Has the next generation rifle already arrived?

My immediate take is: no.  Not even close.  Not when you see puffery like this:

The Army’s Next Generation Squad Weapon (NGSW) efforts have resulted in multiple, unique 6.8 mm cartridge designs. Each of the companies involved has tried to develop a solution to the Army’s reported desire to penetrate modern, peer-level body armor far beyond close-combat ranges. The selections of SIG Sauer’s 6.8×51 mm hybrid-case ammunition, XM5 carbine and XM250 light machine gun as solutions have been met with both fanfare and skepticism. While the velocities that are reported for the 6.8×51 mm, and its .277 SIG Fury commercial counterpart, seem to generate the most excitement, this cartridge’s projectile energy is likely to be the main driver of the DOD’s interest. 

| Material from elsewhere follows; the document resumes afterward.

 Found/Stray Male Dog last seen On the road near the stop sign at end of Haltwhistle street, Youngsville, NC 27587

According to SIG’s published numbers, its hybrid steel-and-brass cartridge case allows chamber pressures to reach a whopping 80,000 psi. Subsequently, its 150-grain projectile is reported to leave a 16-inch barrel at 2,830 fps with 2,667 ft.-lbs. of muzzle energy. Running those numbers through a ballistic program shows that SIG’s loads should fly flatter and hit much harder than anything used in current battle rifle and light machine gun designs, including 7.62 NATO/.308 Win. loads, out past 1,000 meters.

Long experience in examining the .dotmil’s record in tinkering around with this issue makes me think they’re still in the “oh what if” and “wouldn’t it be nice if” stages — wishful thinking, in other words — and even so there’s this little warning sign:

Pushing a bullet faster so that it will fly flatter and hit harder is one thing. Doing it without rapidly burning out barrels or prematurely wearing out other parts has proven difficult with several past attempts to achieve game-changing muzzle velocities.

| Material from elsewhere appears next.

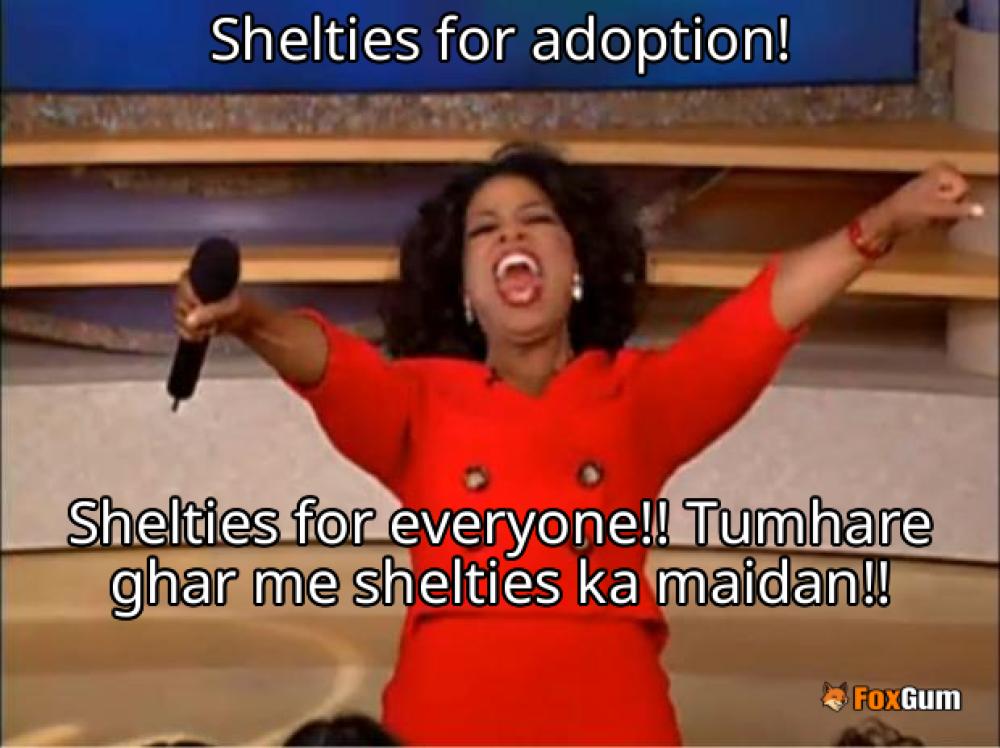 meme about pets, adoption, rescue, shelties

Yeah, that bastard Newton enters the fray again.  But all is well:

One bit of reassurance on barrel wear concerns comes from a reliable source within SIG, who told me the special material technology used in their 6.8 barrels can hold up to this high pressure cartridge.

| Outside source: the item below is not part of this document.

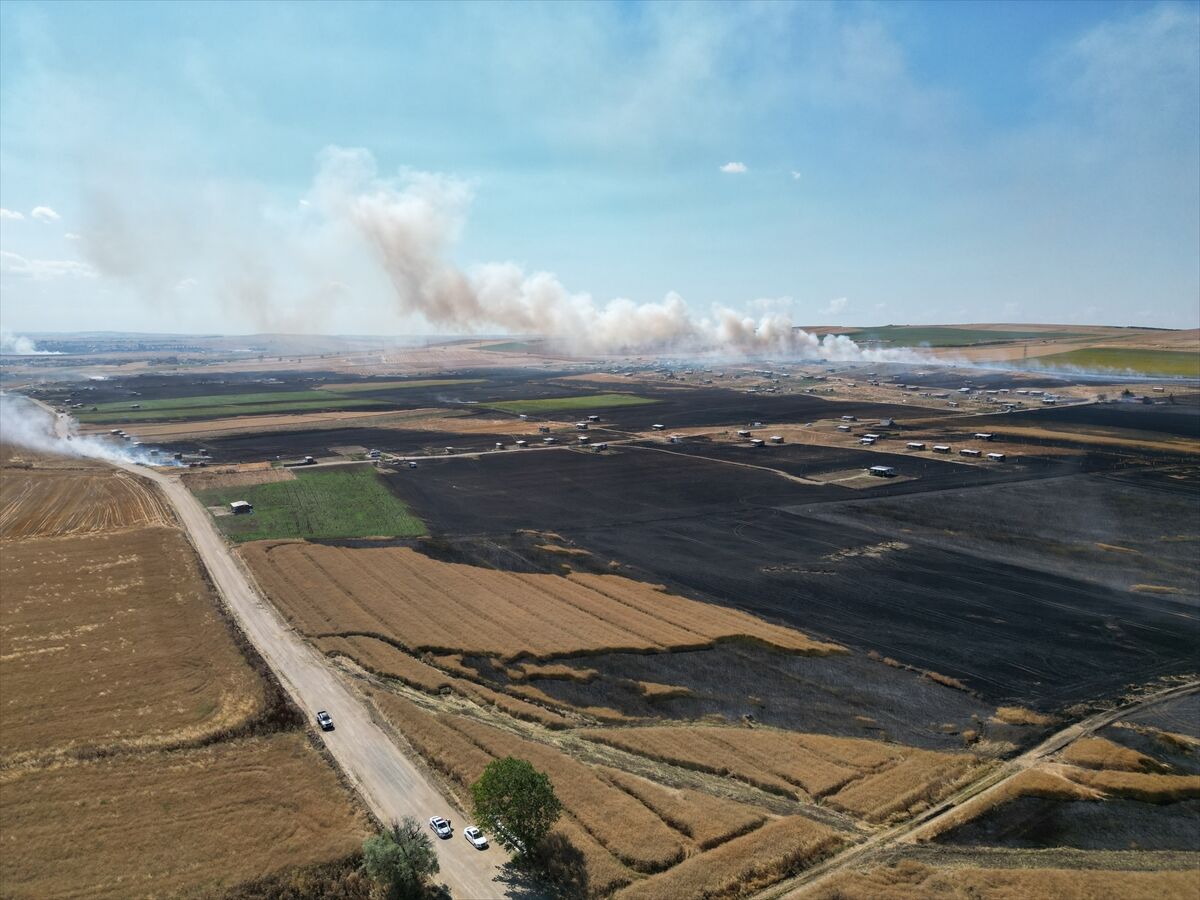Tekirdağ'da Tarlada Çıkan Yangın Söndürüldü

Oh, well then we don’t have anything to worry about, do we?  Manufacturers never lie about this kind of thing, especially when there’s a multi-billion dollar military contract dangling in the wind.

No doubt, their “special material techology” will be super-inexpensive too, cheaper than the current steel even.

Just think:  if the US Army had adopted the superb .280 British (actually 7.2x43mm, or .284 in Murkin) cartridge back in the late 1940s, we’d still be fielding it — but no, we had to go to the 7.62×51 which was oops too powerful and then over-correcting with the .223 which was oops too underpowered.  Ever since then, the Army has been fucking around trying to find ammo’s Holy Grail — and I have to say that based on what I can see, the 6.8x51mm isn’t going to The One.  (FFS:  .277 SIG “Fury”?  Better ammo through marketing?)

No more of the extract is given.